*** Block opens ***
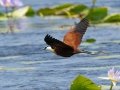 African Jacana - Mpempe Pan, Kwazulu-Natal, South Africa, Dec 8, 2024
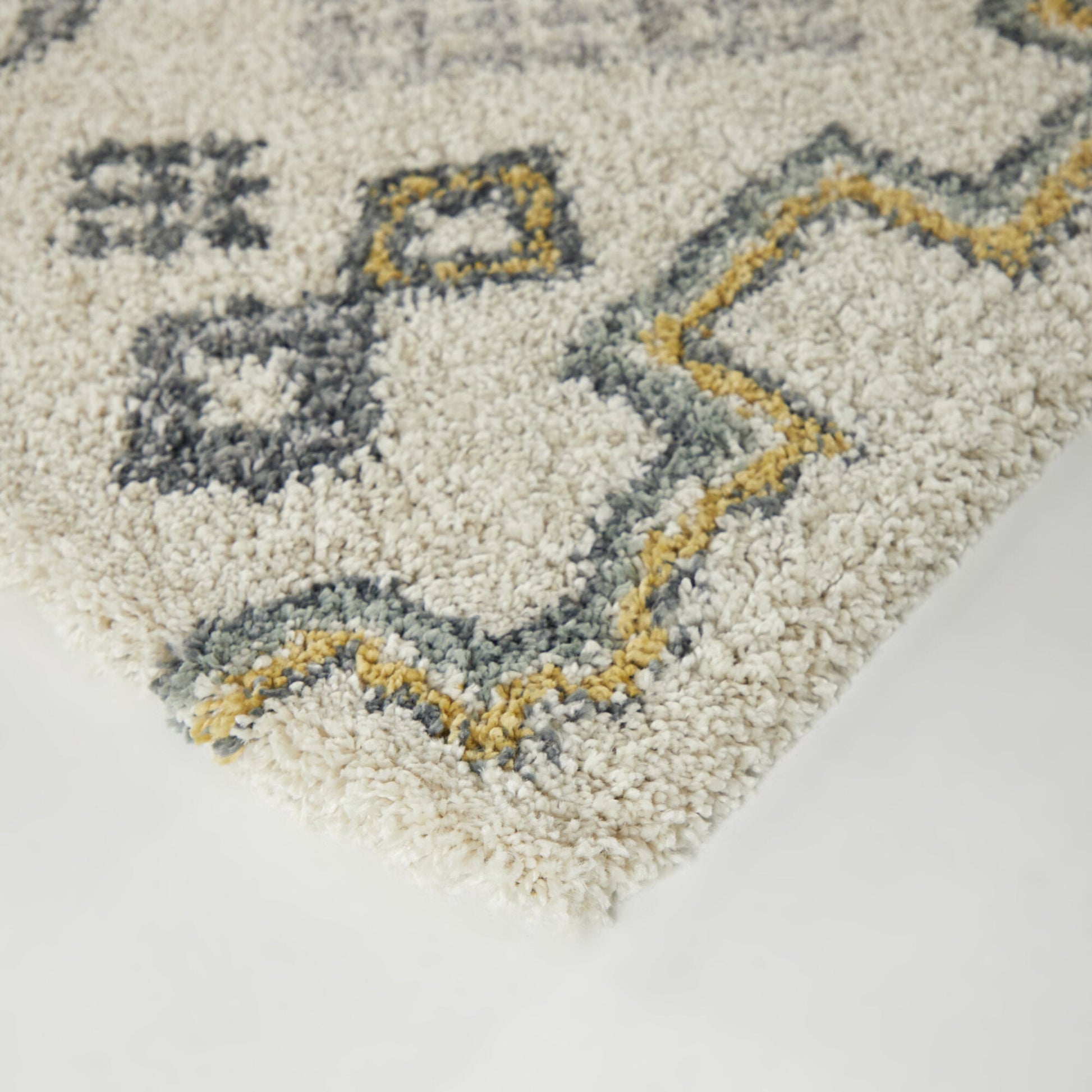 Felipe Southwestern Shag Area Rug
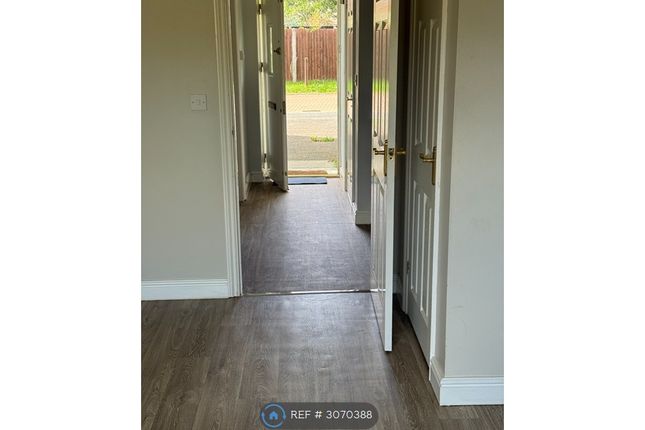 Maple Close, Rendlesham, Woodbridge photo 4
*** Block closes ***
*** Block opens ***
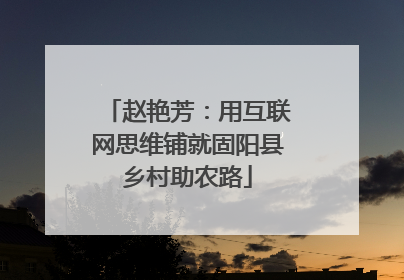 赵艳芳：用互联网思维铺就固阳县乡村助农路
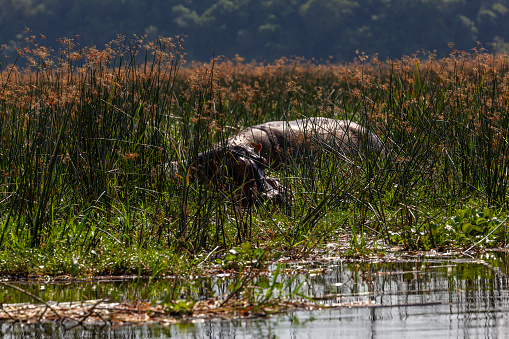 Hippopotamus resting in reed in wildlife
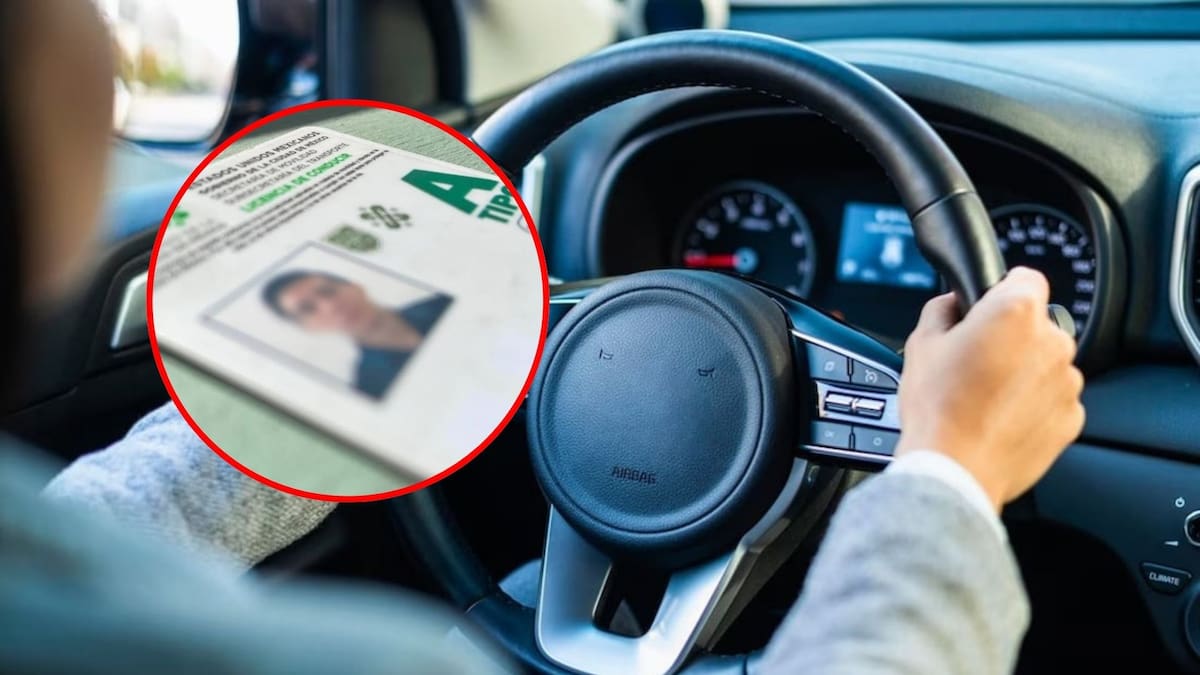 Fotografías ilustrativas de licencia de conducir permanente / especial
*** Block closes ***
Assigned task >>
Look back at the data above, then output exactly the lines from the line holding "African Jacana - Mpempe" up to and including the line holding "Maple Close, Rendlesham, Woodbridge photo 4". Leave out the pictures.

Output for this exercise >>
 African Jacana - Mpempe Pan, Kwazulu-Natal, South Africa, Dec 8, 2024
 Felipe Southwestern Shag Area Rug
 Maple Close, Rendlesham, Woodbridge photo 4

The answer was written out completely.